2

I have been going through Kafka source code of the Log class in core module of Kafka project but I am still new to scala. I have encountered a syntax which is quite hard to understand. Here is the code snippets:

snippet 1:


    // Now do a second pass and load all the log and index files.
    // We might encounter legacy log segments with offset overflow (KAFKA-6264). We need to split such segments. When
    // this happens, restart loading segment files from scratch.
    retryOnOffsetOverflow {
      // In case we encounter a segment with offset overflow, the retry logic will split it after which we need to retry
      // loading of segments. In that case, we also need to close all segments that could have been left open in previous
      // call to loadSegmentFiles().
      logSegments.foreach(_.close())
      segments.clear()
      loadSegmentFiles()
    }

snippet2:

 private[log] def retryOnOffsetOverflow[T](fn: => T): T = {
    while (true) {
      try {
        return fn// what is fn here in context of code snippet 1?
      } catch {
        case e: LogSegmentOffsetOverflowException =>
          info(s"Caught segment overflow error: ${e.getMessage}. Split segment and retry.")
          splitOverflowedSegment(e.segment)//##!!!1.return a List[Segement], but where does this return goes?
      }
    }
    throw new IllegalStateException()
  }
  1. What I found hard to understand is that how the method retryOnOffsetOverflow is called in snippet 1 and what is passed to it as the argument of its param? I know the param of retryOnOffsetOverflow is a function but here in this snippet what is the argument passed to this function?

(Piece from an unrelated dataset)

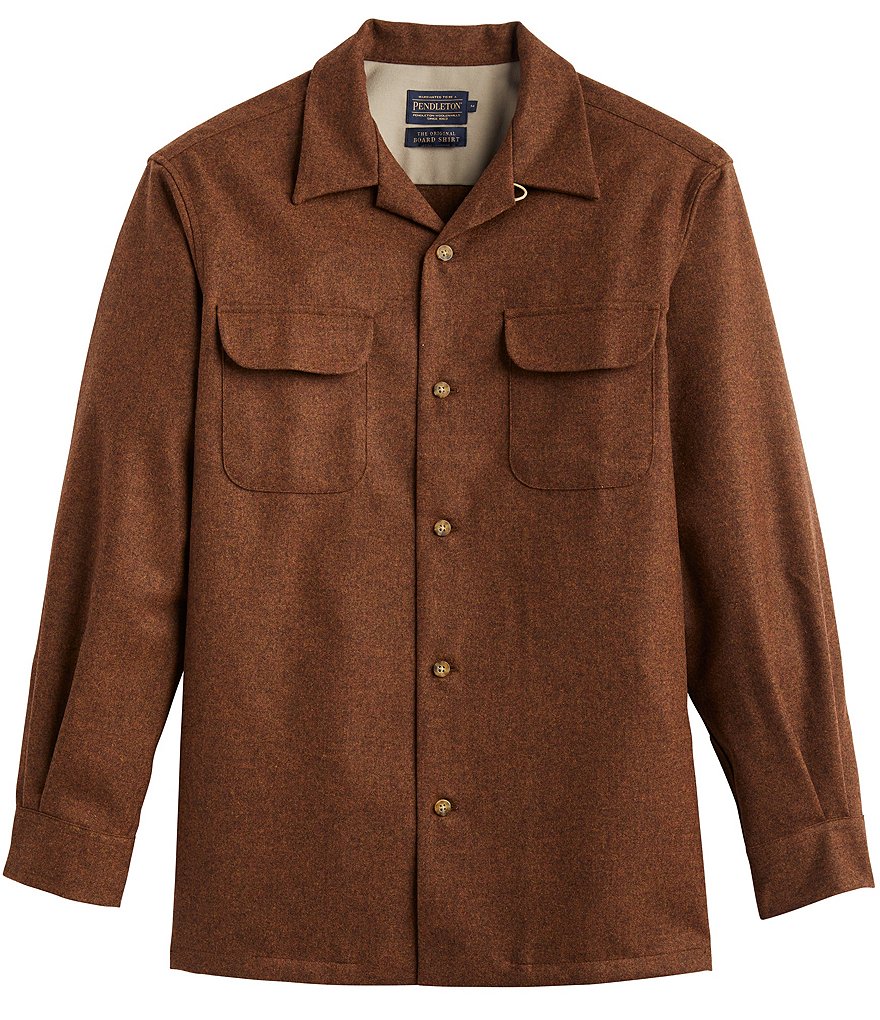 Pendleton Solid Original Board Long Sleeve Woven Shirt | Dillard's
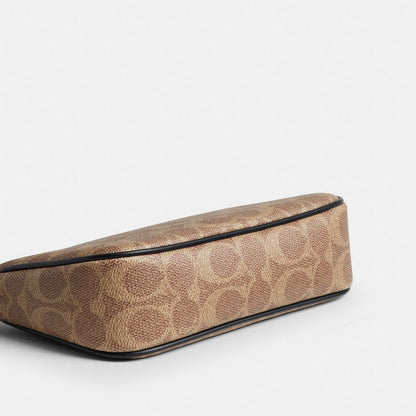 Coach Nolita 19 In Signature Canvas Gold Tan Black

  2. Also I am not clear what is the return of retryOnOffsetOverflow here? The return is T which is kind of a generic? I am not sure what is the return of retryOnOffsetOverflow here, will it be different according to fact that it caught the exception or not? If so what will exactly be the return respectively?

Thank a lot for the explanation and please tell me if I missed the necessary code to answer the question.


updated: I would rectify my self that the param of retryOnOffsetOverflow is a by-name parameter which won't be evaluated unless and until it is referenced somewhere in the body of the method.

Boyu Zhang
  • 219
  • 2
  • 12

3 Answers3

2

Upd.: Slightly changed last part, as looks like it would load "splitted" files right in the next loop iteration.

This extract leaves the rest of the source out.